Nori, un ancien forgeron, est garde-frontière au royaume de Razum, le pays des nains. Depuis son enfance, il souffre de maux de têtes. Bénigne au début, la douleur s'est intensifiée au cours des années. Karmak, le prêtre de la compagnie le soigne comme il peut. Il exècre les trolls et ne vit que pour les traquer et les tuer. Dans un combat, il se distingue en massacrant, à lui seul, la moitié d'une horde qui avait fait un raid.
Remarqué par le général Trimok, il se voit confié l'organisation et le commandement d'une brigade spécialement chargée de mettre fin aux intrusions des trolls pilleurs et tueurs.
Nori et sa brigade se préparent à un nouveau combat. Près d'un temple, ses espions ont perçu la présence d'orques. Lors de l'assaut, Nori et son escouade se heurtent à des draconides. Arrivé au cœur du temple, il voit un rayon qui jaillit d'un spectre posé sur l'autel et trois mages de races différentes qui l'assaillent avec de la magie. Il sort vainqueur, mais une douleur intense le tétanise.
Il se réveille deux semaines plus tard dans le royaume des Elfes, soigné par Sanya, la grande prêtresse d'Elda, elle-même. Il apprend, peu après, que ces douleurs sont les symptômes d'une grave maladie. Sanya lui enseigne des techniques pour maitriser le mal avant qu'il ne s'installe. Entre elle et le nain, les relations s'étoffent. Mais il doit repartir car les trolls sont de plus en plus audacieux.

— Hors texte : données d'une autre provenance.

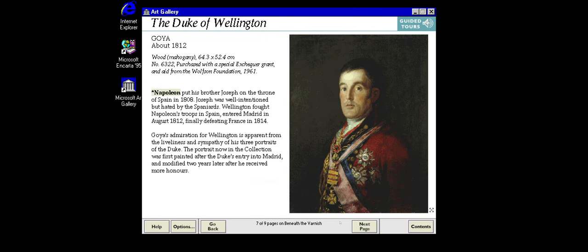Not all the changes made by artists to their paintings relate to purely artistic considerations. Wellington sat for his portrait by Goya at a particularly eventful time in his life. We can see how Goya changed the painting to keep up with the Duke's career.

En chemin, il prête main-forte à Huldra, une elfe guerrière d'une grande beauté. Retrouvant le général, Nori s'étonne que le roi reste insensible aux arguments de ses officiers. Il décide d'aller, lui-même convaincre le souverain de la nécessité d'une vaste opération guerrière. Il est persuadé que l'ancienne alliance des ennemis des nains est reconstituée et qu'un complot se trame...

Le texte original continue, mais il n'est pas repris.